WITH SOME DAYS Are Better than Others, local filmmaker Matt McCormick is responsible for some of the prettiest footage of Portland you'll ever see. Whether he's shooting an overpass or the inside of a Goodwill, McCormick's representation of the city is arresting, with a heft and depth that demand you consider Some Days as a visual statement as well as a narrative one.

By the unavoidable metrics of character and plot, though, Some Days is a flop, with a predictable, overlapping-lives setup that's doused in hipster melancholy and uninspired quirk. The film follows Eli (the Shins' James Mercer), Katrina (Portlandia/Sleater-Kinney's Carrie Brownstein), and Camille (Renee Roman Nose; not a rock star), three lonely Portlanders filling their empty lives in different ways.
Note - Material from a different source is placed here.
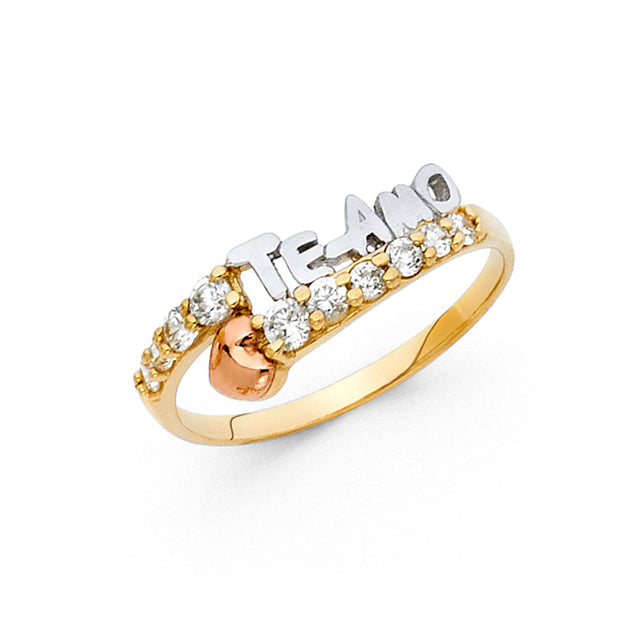 14K Tricolor Gold Te Amo Ring on White Background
Mercer's low-key performance is fine, but you'll want to slap his unmotivated, diffident character as he works a series of demeaning temp jobs and harbors a hopeless crush on his lesbian roommate. Renee Roman Nose doesn't have much to work with as the quiet Camille, a depressed/depressing Goodwill employee who, for no reason we're given to understand, becomes obsessed with a donated urn. But worst of all—and this is painful for a longtime Sleater-Kinney obsessive to acknowledge—is Brownstein's performance as Katrina, the Saddest Hipster. The Saddest Hipster compulsively hacks her ex-boyfriend's email account to read his mail, crafts hats out of stuffed animals, and works on her reality TV show audition tape. The character is a note-perfect embodiment of the very clichés that Brownstein takes aim at in her sketch comedy show Portlandia, and Brownstein's dour performance lacks both nuance and depth.

David Wodehouse as Otis, Eli's step-grandpa, provides a small grace note. Sure, wringing pathos out of a lonely old man isn't exactly tough, but Wodehouse brings dignity to a character that could've easily been just another float in Some Days' sad-sack parade.

The hipster class likes to make movies about themselves, which is fine—as long as those movies can distinguish themselves somehow, as another local filmmaker, Aaron Katz, did with his recent noir Cold Weather. Some Days, though, just feels like the desiccated husk of a Miranda July movie, drained of all humor and joy.